Ordered that the judgment is affirmed.
The defendant contends that he was deprived of his right to due process because the Supreme Court denied his request to call identifying witnesses at a Wade hearing (see United States v Wade, 388 US 218 [1967]). “A defendant does not have an absolute unqualified right to call a complaining or identifying witness at a Wade hearing” (People v Scott, 290 AD2d 522 [2002]; see also People v Chipp, 75 NY2d 327, 338 [1990], cert denied 498 US 833 [1990]; People v Harvall, 196 AD2d 553 [1993]). “To the contrary, this right is triggered only where the hearing evidence raises substantial issues as to the constitutionality of the identification procedure . . . , where the People’s evidence is ‘notably incomplete’ . . . , or where the defendant otherwise establishes a need for the witness’s testimony” (People v Scott, supra at 522 [citations omitted]; see People v Harvall, supra; People v Hoehne, 203 AD2d 480 [1994]).

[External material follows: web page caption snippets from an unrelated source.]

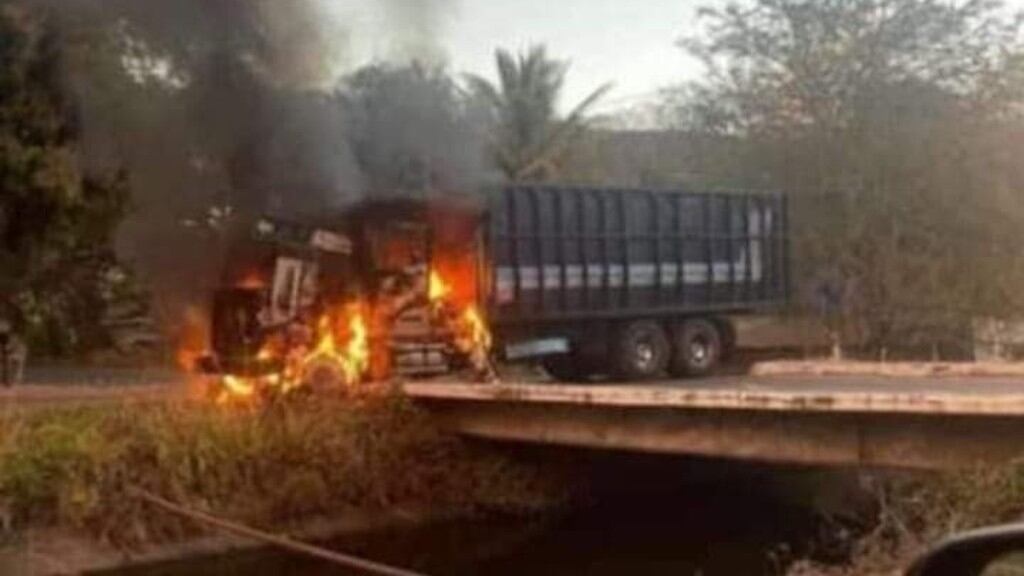 Los ataques en el municipio de Atengo derivaron en represalias de grupos de la delincuencia organizada con quema de unidades.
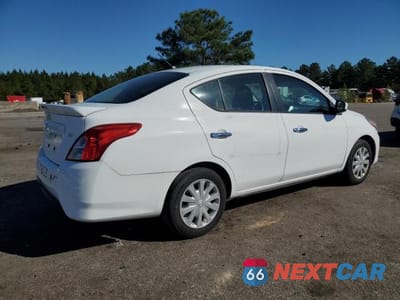 Trzecie zdjęcie samochodu z tyłu: 2018 NISSAN VERSA S VIN:3N1CN7AP8JL841803 - miniatura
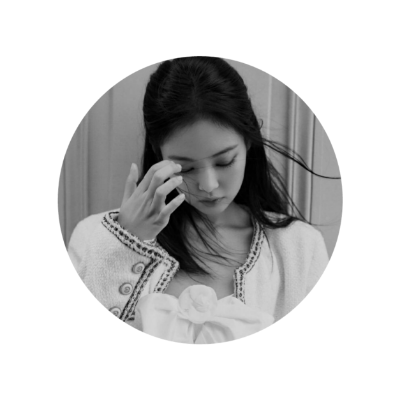 ★ ﹆ׂׂ ˖ Jennie, her fate to sway her body all of the firmament. Her existence luminous the sphere. (1996) 彡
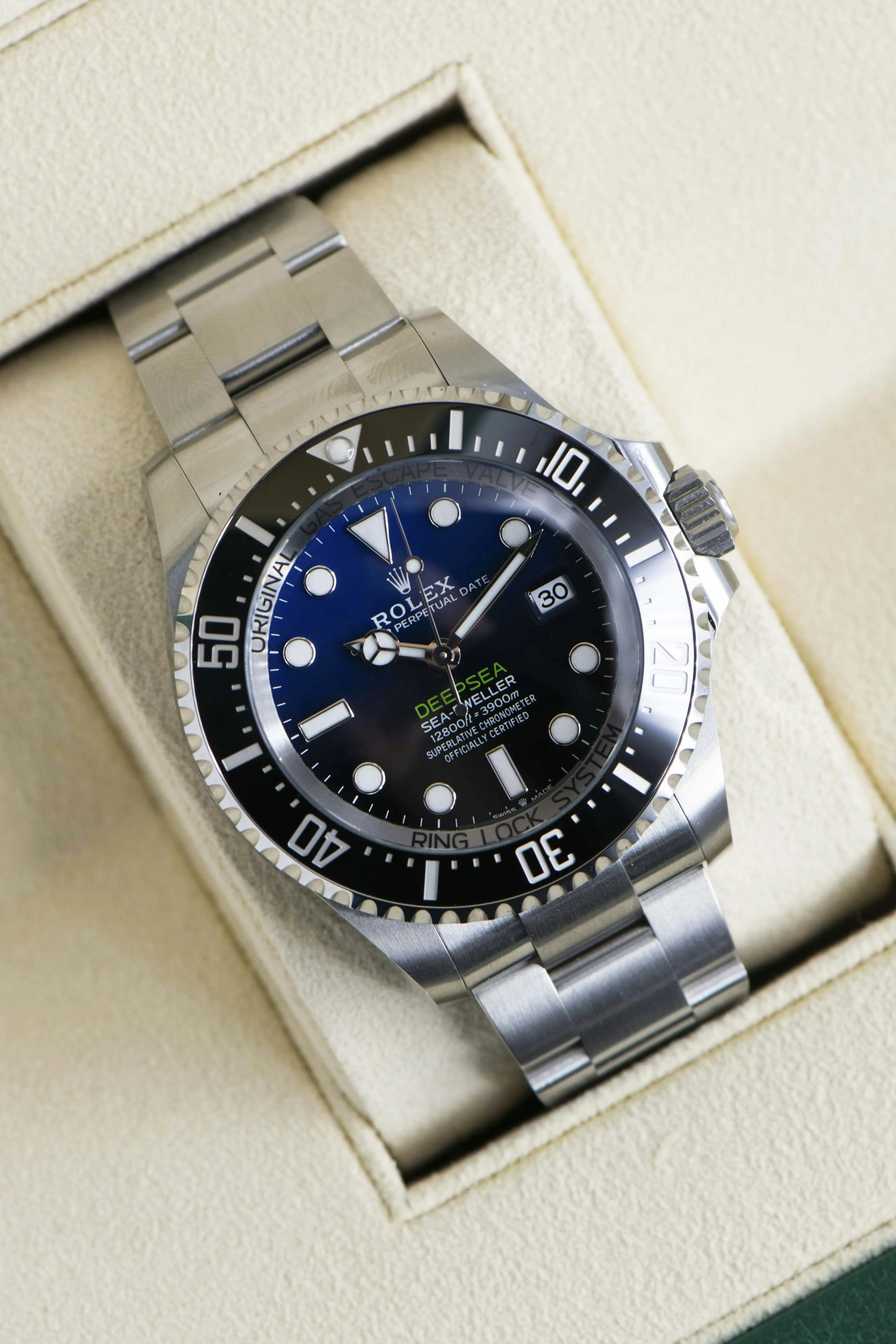 Rolex Sea-Dweller Deepsea 136660 44mm Stainless steel Blue 4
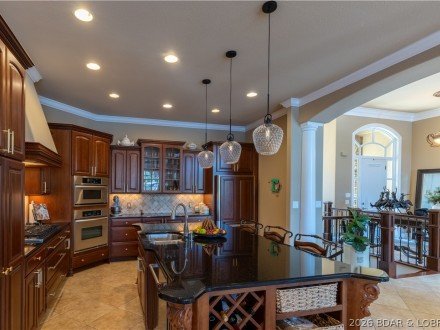 1163 Beacon Pointe, Lake Ozark, MO 65049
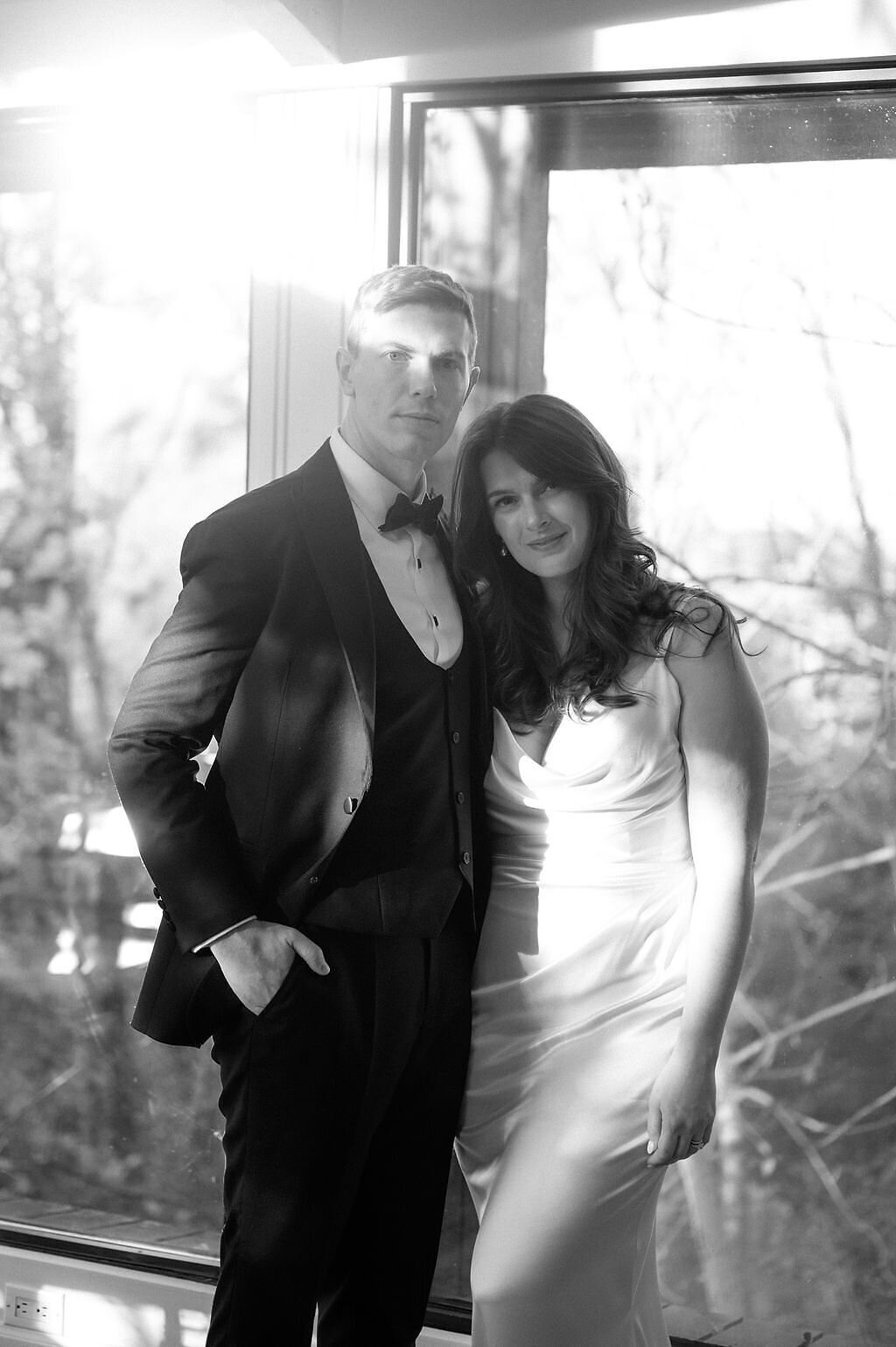 241102Erica&ConorWeddingCakeCutting33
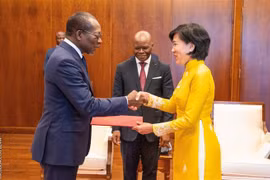 Benin President admires Vietnam for socio-economic achievements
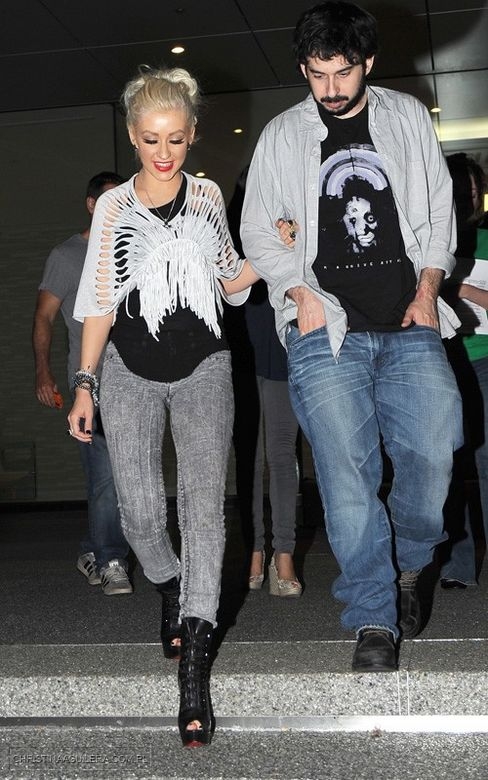 2358016.jpg 2358016.jpg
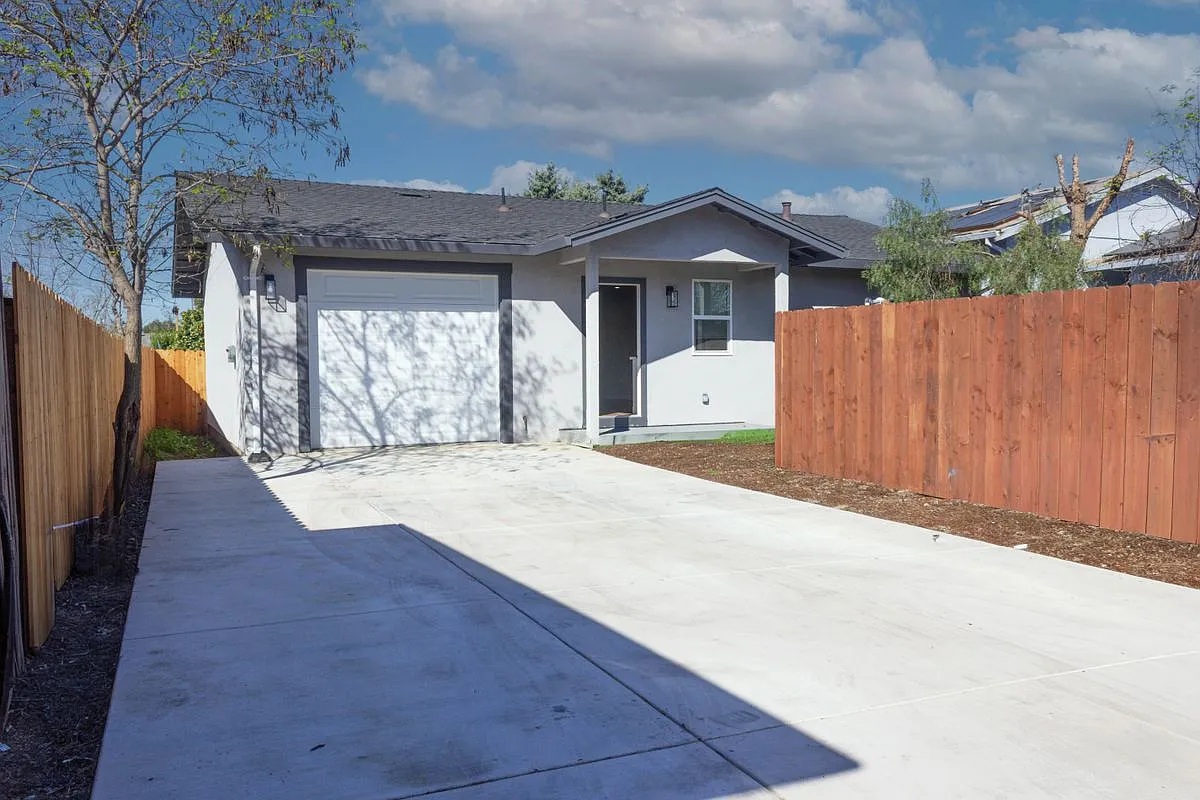 88 Bayview Ave #A photo 1
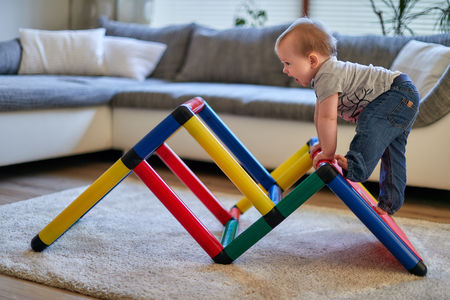 Quadro Beginner Climbing Pyramid for Infants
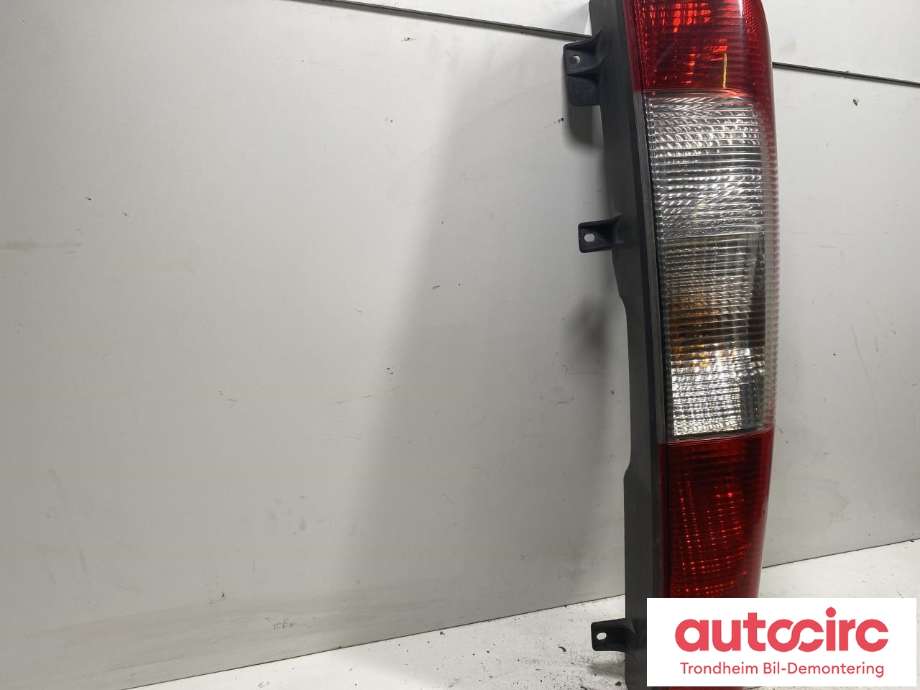 Baklykt venstre til Mercedes Vito/Viano 2004-2010 (Fase 1) (W639) (W639) (A 639 820 16 64|)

The hearing testimony of the detective who conducted the lineup identification did not raise substantial issues as to the constitutionality of the identification procedure and was not “notably incomplete.” The detective testified that the complainants had no contact with the defendant or fillers prior to the lineup, the complainants were escorted into the viewing room one-by-one and, after their identifications, did not come in contact with any. complainant who had not yet viewed the lineup. The detective’s testimony provided the hearing court with “the factual detail necessary to assess whether the lineup procedure was unduly suggestive” (People v Harvall, supra at 554). The defendant’s contention that the complainants may have discussed the crimes or heard suggestive comments by other police officers was speculative (see People v Chipp, supra at 339). Under these circumstances, the Supreme Court properly denied the defendant’s request for the production of the *518identification witnesses at the Wade hearing (see People v Abrew, 262 AD2d 417 (1999], affd 95 NY2d 806 [2000]). Prudenti, P.J., Adams, Spolzino and Covello, JJ., concur.